**Given entries**:
○ ○ ○

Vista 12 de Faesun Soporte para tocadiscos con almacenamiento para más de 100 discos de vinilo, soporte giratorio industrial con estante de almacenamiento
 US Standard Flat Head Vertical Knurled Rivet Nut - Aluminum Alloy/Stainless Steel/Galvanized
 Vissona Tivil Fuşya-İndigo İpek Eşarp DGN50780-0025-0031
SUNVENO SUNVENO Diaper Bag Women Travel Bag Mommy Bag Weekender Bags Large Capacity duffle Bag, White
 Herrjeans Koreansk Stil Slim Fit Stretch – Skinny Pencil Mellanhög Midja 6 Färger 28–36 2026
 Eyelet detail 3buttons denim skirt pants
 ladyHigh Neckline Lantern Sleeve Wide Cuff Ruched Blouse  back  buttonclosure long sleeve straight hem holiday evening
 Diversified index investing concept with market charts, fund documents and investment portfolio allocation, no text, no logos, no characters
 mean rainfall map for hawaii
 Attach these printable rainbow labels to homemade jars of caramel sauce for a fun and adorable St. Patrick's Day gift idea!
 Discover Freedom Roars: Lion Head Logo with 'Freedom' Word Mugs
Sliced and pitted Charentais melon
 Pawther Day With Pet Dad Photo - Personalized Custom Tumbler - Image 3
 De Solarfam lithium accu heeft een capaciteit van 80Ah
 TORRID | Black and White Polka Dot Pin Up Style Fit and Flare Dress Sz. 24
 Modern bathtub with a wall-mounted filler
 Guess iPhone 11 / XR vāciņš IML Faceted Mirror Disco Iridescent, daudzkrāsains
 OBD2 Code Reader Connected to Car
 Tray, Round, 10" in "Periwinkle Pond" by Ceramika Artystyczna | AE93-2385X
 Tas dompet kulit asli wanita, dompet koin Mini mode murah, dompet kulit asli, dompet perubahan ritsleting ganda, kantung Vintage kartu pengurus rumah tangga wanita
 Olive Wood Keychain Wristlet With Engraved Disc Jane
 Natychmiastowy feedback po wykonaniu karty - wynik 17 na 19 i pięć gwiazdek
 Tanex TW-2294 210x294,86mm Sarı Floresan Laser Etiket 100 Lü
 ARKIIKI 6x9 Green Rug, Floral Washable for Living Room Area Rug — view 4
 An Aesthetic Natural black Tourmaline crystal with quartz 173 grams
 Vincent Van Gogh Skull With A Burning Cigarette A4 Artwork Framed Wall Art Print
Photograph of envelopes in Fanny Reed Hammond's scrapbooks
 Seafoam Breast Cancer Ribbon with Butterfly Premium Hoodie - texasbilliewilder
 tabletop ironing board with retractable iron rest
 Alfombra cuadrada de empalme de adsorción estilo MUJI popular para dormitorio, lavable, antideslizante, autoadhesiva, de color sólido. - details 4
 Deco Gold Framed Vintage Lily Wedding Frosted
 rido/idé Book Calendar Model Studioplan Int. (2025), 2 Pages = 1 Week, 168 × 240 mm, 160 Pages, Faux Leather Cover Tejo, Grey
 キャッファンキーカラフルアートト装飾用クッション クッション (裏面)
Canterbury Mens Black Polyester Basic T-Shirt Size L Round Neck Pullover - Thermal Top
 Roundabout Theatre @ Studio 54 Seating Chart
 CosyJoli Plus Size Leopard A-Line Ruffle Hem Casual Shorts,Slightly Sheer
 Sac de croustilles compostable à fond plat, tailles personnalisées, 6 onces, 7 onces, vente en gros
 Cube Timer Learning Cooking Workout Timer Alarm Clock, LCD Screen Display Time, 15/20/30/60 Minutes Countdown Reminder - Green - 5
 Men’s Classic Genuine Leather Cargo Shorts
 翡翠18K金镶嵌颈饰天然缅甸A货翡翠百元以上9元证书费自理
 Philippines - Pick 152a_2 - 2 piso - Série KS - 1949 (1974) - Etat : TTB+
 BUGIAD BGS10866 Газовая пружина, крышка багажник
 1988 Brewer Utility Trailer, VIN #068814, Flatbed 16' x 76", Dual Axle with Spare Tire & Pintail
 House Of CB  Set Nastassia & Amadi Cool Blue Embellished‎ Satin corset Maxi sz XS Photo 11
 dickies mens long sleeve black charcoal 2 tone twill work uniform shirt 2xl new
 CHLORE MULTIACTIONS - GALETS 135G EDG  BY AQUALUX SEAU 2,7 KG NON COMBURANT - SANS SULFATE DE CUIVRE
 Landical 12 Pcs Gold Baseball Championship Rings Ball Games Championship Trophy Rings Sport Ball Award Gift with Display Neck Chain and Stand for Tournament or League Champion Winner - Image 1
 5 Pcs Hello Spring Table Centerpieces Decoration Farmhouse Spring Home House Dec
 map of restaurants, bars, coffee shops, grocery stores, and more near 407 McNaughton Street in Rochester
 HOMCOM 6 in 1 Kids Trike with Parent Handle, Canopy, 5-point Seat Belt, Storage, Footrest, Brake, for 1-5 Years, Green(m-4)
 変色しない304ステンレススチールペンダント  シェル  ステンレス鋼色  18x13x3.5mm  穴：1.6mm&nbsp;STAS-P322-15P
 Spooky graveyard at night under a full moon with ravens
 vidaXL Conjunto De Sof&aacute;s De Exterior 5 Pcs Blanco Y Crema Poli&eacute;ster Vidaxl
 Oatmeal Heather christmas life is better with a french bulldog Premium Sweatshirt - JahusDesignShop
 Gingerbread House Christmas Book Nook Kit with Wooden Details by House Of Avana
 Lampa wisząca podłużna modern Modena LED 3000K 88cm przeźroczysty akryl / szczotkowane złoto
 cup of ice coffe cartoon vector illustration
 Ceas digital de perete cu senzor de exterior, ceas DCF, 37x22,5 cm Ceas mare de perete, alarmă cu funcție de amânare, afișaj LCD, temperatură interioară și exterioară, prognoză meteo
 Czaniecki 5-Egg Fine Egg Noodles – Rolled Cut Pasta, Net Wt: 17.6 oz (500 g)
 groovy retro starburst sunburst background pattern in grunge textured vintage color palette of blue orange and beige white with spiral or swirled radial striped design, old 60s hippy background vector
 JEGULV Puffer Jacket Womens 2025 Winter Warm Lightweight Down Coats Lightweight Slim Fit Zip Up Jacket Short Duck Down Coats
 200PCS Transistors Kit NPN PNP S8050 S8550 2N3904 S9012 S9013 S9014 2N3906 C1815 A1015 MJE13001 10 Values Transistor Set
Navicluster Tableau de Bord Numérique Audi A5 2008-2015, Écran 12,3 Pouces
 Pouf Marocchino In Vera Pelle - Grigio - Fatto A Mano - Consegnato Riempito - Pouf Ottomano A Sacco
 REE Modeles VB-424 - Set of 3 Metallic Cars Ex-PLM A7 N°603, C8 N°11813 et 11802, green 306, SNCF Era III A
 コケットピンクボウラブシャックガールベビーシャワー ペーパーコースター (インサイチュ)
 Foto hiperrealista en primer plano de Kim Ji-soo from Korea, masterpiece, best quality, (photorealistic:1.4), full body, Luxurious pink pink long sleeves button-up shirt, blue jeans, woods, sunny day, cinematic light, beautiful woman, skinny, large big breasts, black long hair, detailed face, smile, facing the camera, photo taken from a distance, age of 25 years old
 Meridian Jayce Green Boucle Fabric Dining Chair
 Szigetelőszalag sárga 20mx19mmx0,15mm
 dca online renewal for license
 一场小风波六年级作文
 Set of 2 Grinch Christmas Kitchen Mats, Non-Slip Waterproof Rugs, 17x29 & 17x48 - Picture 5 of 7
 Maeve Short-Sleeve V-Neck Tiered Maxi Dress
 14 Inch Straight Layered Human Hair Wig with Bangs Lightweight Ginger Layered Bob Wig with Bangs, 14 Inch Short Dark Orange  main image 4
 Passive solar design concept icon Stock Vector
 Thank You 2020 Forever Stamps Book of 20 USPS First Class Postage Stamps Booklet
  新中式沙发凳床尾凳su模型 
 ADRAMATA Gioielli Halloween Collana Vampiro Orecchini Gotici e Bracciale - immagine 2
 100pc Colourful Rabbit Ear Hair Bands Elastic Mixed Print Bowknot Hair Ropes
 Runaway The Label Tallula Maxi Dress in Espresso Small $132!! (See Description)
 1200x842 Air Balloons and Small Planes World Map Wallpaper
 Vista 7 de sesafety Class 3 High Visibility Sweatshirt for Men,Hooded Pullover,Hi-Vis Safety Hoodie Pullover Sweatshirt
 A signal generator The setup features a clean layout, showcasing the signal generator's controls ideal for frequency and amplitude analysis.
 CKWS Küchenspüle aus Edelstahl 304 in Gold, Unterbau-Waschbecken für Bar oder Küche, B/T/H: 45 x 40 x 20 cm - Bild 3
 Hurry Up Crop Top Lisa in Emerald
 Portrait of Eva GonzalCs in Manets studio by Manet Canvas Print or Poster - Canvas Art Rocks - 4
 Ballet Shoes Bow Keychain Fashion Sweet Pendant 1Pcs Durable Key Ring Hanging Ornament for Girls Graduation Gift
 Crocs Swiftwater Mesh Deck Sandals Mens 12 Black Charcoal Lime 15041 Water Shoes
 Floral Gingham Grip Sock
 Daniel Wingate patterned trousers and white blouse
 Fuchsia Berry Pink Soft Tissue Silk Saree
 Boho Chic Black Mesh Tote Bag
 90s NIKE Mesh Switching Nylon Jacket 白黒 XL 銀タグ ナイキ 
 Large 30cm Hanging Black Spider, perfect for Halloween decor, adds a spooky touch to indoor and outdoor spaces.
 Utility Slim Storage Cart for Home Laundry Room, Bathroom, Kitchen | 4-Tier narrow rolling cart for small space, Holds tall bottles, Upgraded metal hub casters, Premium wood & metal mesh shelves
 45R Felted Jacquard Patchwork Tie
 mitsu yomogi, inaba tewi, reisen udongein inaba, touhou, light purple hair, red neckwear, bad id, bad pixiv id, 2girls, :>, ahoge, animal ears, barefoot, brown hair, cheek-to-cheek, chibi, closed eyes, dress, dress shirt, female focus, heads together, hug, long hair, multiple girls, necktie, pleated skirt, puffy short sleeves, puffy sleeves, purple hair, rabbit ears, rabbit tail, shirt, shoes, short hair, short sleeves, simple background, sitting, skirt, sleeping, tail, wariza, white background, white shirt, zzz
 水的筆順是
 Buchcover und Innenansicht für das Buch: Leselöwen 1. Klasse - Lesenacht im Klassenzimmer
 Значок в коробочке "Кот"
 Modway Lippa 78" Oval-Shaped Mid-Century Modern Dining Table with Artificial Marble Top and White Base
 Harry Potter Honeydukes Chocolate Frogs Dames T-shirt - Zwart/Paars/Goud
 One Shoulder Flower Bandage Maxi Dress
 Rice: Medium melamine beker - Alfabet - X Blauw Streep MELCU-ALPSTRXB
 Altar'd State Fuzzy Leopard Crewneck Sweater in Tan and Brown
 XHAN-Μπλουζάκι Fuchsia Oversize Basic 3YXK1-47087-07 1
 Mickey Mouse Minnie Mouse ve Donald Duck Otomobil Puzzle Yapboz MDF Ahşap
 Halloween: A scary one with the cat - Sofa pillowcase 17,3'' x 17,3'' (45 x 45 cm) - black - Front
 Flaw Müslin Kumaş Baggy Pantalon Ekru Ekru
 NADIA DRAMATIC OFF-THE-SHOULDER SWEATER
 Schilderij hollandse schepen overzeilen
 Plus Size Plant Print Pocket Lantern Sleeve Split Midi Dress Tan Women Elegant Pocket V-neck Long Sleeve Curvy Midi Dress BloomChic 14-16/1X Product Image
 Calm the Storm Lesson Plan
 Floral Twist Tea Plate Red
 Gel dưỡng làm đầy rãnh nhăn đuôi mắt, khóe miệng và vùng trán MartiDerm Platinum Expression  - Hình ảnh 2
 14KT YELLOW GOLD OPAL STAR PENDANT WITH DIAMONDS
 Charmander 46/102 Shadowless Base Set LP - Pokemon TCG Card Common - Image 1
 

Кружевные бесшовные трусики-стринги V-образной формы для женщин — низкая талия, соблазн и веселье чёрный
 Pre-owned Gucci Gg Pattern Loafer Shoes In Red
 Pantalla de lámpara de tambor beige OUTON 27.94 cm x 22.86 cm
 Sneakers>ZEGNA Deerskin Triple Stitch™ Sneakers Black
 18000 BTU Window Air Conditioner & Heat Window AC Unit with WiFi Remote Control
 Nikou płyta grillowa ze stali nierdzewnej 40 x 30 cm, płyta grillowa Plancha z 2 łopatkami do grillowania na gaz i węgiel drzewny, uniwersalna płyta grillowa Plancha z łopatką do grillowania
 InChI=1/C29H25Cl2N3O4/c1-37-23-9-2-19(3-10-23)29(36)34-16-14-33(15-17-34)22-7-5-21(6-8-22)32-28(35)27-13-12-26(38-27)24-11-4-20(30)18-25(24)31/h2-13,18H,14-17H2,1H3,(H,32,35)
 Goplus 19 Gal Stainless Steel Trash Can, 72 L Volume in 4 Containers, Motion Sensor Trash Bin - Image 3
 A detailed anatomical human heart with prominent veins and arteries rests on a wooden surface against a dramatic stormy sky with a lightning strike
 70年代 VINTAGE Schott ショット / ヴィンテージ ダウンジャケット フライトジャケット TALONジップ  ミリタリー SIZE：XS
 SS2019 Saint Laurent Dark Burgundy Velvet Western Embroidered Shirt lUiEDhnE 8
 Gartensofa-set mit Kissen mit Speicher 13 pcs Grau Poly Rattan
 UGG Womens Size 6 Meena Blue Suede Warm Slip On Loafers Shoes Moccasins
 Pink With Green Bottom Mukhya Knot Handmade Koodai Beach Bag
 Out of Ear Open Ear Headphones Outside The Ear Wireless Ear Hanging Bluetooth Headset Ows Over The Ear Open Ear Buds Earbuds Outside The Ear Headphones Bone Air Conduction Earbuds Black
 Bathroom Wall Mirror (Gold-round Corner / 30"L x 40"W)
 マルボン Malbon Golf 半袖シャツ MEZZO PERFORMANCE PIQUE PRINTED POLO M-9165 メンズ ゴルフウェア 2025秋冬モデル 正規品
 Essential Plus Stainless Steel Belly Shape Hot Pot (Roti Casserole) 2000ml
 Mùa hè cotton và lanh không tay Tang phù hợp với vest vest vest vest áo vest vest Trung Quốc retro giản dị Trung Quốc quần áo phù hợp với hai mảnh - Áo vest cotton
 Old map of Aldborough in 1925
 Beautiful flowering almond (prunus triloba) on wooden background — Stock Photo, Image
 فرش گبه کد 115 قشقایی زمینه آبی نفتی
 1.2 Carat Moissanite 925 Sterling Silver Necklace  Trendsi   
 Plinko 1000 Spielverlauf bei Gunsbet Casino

○ ○ ○

**Work item**: Look above for lines with the word "concept" and copy them all.

**Output**:
 Diversified index investing concept with market charts, fund documents and investment portfolio allocation, no text, no logos, no characters
 Passive solar design concept icon Stock Vector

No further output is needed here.